El grupo BBK anota un 'core capital' del 10% pero aumenta la morosidad
El músculo de su balance da oxígeno a al grupo BBK. La entidad financiera vasca, que incluye en sus cuentas los activos y pasivos de Cajasur integrados oficialmente el 1 de enero pasado, comunicó ayer a la CNMV que cerró 2010 con un core capital (la ratio que mide la solvencia financiera de las entidades) del 10,1%. Cumple así "sobradamente" los requisitos exigidos por el Gobierno y los parámetros marcados en el acuerdo Basilea III, según la caja vizcaína. No obstante, la entidad de ahorro presidida por Mario Fernández, adjuntó unos datos que sitúan su morosidad, tras integrar Cajasur, en algo más del 9,03% frente al 2,57% que tenía BBK.
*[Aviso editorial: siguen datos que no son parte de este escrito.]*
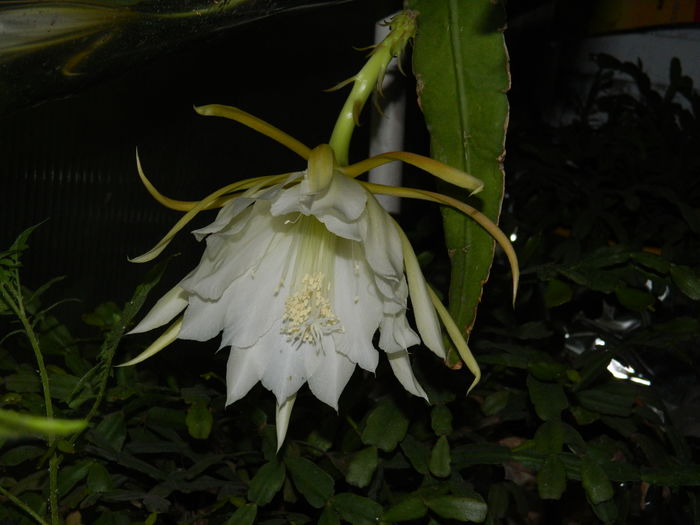 DSCN0671 - 2016 CATEVA SPLENDORI_ HIBISCUSI SI ALTE FLORI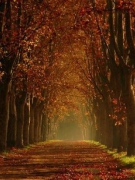 “Les Feuilles Mortes” – TUYỆT PHẨM CỦA SỰ TRỚ TRÊU CUỘC ĐỜI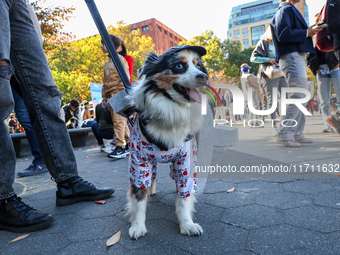 Amanda from East Harlem holds Don Julio, an Australian Shepherd who is dressed as a New York City cup of coffee for the Washington Square Pa...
Una buena parte del riesgo está concentrado en los créditos relacionados con el negocio inmobiliario. Así, la absorción de la caja andaluza le ha supuesto al grupo BBK calificar como dudosos el 45% del total de los 3.574 millones concedidos a promotores inmobiliarios y constructoras, según el criterio del Banco de España que sitúa en mora los préstamos que no han sido abonados en el plazo de 90 días.
El grupo BBK ya ha realizado, no obstante, una sensible dotación a su balance. Las provisiones constituidas han superado los 2.690 millones, de los cuales más de 1.500 millones corresponden a créditos a la clientela.
Además, el grupo BBK ha puesto en marcha un importante plan de reducción de costes, evaluado en unos 50 millones de euros que conllevará un ajuste de plantilla en Cajasur de 650 empleos.